Chief Executive Officer Jean-Laurent Bonnafe has strategically utilized excess cash to enhance the equities trading segment, acquiring businesses and client relationships from competitors like Deutsche Bank AG and Credit Suisse. With equities and fixed-income trading now roughly balanced, Bonnafe is shifting focus to develop the smallest of BNP’s three operational units: the insurance and asset management segment.
Despite the positive performance in investment banking, BNP’s shares fell by 6% in early trading on the Paris exchange following the earnings report.
In a significant move, Bonnafe announced in August the acquisition of Axa SA’s asset management unit for €5.1 billion ($5.5 billion), which aims to position BNP as one of Europe’s leading asset managers and directly challenge Amundi SA, the continent’s top asset manager. Even prior to the completion of this deal, expected mid-next year, the asset management division reported a 7.9% rise in income during the third quarter, driven by new inflows boosting assets under management. However, revenue from wealth management showed a slight decline, as Bonnafe continues to pursue expansion through strategic acquisitions, such as HSBC Holdings Plc’s private banking operations in Germany.
On the downside, the Commercial, Personal Banking & Services unit, which includes retail operations and specialized services like car leasing, experienced a revenue decline of 2.6%. BNP attributed this drop to the “normalization of used-car prices,” among other challenges.
Additional hurdles faced by the bank include adverse effects from poorly timed inflation hedges, a movement of Belgian deposits into government bonds, and the European Central Bank’s decision to cease remuneration on mandatory reserves. These issues prompted BNP to adjust some of its targets earlier this year.
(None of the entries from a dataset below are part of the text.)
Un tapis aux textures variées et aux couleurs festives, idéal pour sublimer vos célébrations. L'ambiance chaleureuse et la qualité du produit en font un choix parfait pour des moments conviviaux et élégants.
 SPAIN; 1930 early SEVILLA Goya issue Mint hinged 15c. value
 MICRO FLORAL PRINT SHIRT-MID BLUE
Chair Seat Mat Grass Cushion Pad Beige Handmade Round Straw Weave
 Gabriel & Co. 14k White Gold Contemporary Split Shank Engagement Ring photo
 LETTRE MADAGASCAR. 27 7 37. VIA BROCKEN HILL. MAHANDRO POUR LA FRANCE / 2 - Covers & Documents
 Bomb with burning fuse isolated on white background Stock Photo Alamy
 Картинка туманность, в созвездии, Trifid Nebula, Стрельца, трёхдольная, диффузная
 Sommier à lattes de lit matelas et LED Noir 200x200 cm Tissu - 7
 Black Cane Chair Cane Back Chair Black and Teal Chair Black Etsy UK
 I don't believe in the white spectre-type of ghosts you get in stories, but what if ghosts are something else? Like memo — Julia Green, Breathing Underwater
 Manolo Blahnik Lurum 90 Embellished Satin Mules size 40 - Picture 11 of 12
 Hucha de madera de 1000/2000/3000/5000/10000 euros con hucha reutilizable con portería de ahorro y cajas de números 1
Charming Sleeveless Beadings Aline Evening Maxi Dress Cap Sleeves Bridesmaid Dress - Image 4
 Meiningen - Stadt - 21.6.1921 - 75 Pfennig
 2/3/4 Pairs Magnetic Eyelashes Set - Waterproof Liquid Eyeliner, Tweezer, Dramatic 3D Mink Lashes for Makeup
Fortunately, their impact has diminished, with only €63 million affecting the third quarter—less than half of the previous quarter’s toll.
Despite these challenges in its largest revenue-generating unit, BNP reaffirmed its commitment to achieving full-year targets, including a pledge to surpass €11.2 billion in profit. The bank plans to revise its mid-term outlook during the release of its full-year results, taking into account the strategic redeployment of capital.
Year-to-date, BNP’s stock has risen 4.7%, lagging behind the broader European finance sector.